そしてイチゴの親は、玄関で何度も頭を下げ、コイツの母親は「また遊びに来てねぇ」と呑気に最後まで手を振っていた。
(どんだけ人ッ垂らしなんだ……あのゆるふわ親父と母親は……)
しかし【獅子丸】については別だ。
俺達の秘密をバラすわけにはいかないし、部屋でボイスメモに残すことも含めて、やり取りは隠す必要がある。
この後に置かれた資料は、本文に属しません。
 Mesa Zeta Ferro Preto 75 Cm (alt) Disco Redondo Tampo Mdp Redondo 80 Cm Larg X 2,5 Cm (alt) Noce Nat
(とりあえず重要事項は、メールを自分に送って消させるか……)
「ねえ」
優希のことも不可解な点はいくつもあった。
正確なことはわからないが、一度も帰っていないなら本来大事件だ。
「ねぇってば!」
しかも学校も騒いでいる様子がない……
空白に誰もが気づいているけど、誰もあえて埋めない。 そんな気がする……
闇の世界では……当たり前の日常がここに……
ぷにんっ
柔らかい感触が顔に押しつけられた。
「!?——ってお前なに脱いでんだ」
「だって、ずーーーっと無視すんだもん」
「部屋だってもらったろ?そっち行っとけよ」
「やだねー」
(とりあえず……今日は無理そうだなぁ……)
スマホを開き、作ったメールを自分に送信した。
◇
九月四日 月曜日
(柔らかい……)
スマホから五時のアラームが鳴っている。
隣から静かな寝息だけが聞こえてくる。
(なぜ、朝のスマホは目を閉じて探すのだろう……)
ぷにんっ
右手が何か柔らかいものを押していた。
うん、柔らかいぞ。そして想定もできる。
また龍馬さんだな!
布団が胸元までずり落ちている。
そう!裸の……女の子……?
「——は?」
(いーっ!?なっ、なぜイチゴさんが!?)
慌ててスマホを開くと、ボイスメモはない!
「!?」
しかし普段あまりないメールが来ていた。
開いてみると『至急確認』とかなり真面目なタイトルがあった。
内容の一つは『優希さんの件』
(優希さん?)
その後も『行方不明について』『警察の本来の動き』など、かなりの長文で僕にもわかりやすく記載されていた。
「龍馬さんは……これは事件と?……」
そう小さく呟いた僕は、イチゴさんを起こさないように、そっとベッドを抜け出して、朝のルーティンのために外に出た。
◇
放課後 B組裁判?
僕は三脚並べられた学校のイスの中央に座らされていた。
両脇には、溝口くんと、要くん。
「……なにこれ?」
後ろを振り向くと、並べられた椅子に豪樹くんと澪、そして綺羅羅さんがスマホを向けて座っている。
豪樹くんは腕を組み、何度も大きく頷いている。
(はぁ〜?豪樹くん、なぜぇ?)
綺羅羅さんはスマホを横向きに構え、満足そうに画角を調整していた。
「裁判長、検察から証人喚問?をしたいです」
(裁判長?なにやってんの?尊くん……それっぽい顔してるし……)
「被告人質問ですか?どうぞ!やっちゃって」
(『やっちゃって』って言った?)
「えっと……尊くんと水樹ちゃん?なにしてんの?」
「被告人は静粛に!」
尊くんは胸を張り、どこから持ってきたのか定規を木槌代わりに机へ打ちつけた。
「被告、前へ」
僕は両脇の二人に腕を掴まれ、前に置いてある机の前に立たされた。
尊くんは机をなぜかまだ、バンバン叩いている……
「あなたは一昨日の夕方頃、一人の女性とホテルに入った!間違いないですね?」
「……」
「裁判長!コイツは黙秘しました!死刑です!」
「検察官、感情的にならずに」
水樹ちゃんが死刑を求刑すると、尊くんはニヤニヤしながら水樹さんをなだめた。
「はい……すいません、取り乱しました」
「では、次の質問に移ります」
「あのぉ……水樹さん?」
水樹ちゃんは制服のスカートをぎゅっと握り締めたまま、視線を合わせようとしない。
「したの?」
水樹は下を向き小さな声で言った。
「えっ?なに?」
「だからしたの?」
質問の意味が分からない。
けれど、水樹ちゃんの声だけは、いつもの強気な彼女とは違っていた。
「……なっなにを……ですか」
「しっましたー!」
教室の扉が勢いよく開いた。
ヒラヒラしたスカートの裾を揺らしながら、イチゴさんは教室へ顔を出すと、満面の笑みで勢いよく手を挙げた。
「「「えええっ……誰……っすか……」」」
僕だけが、その光景に頭を抱えた。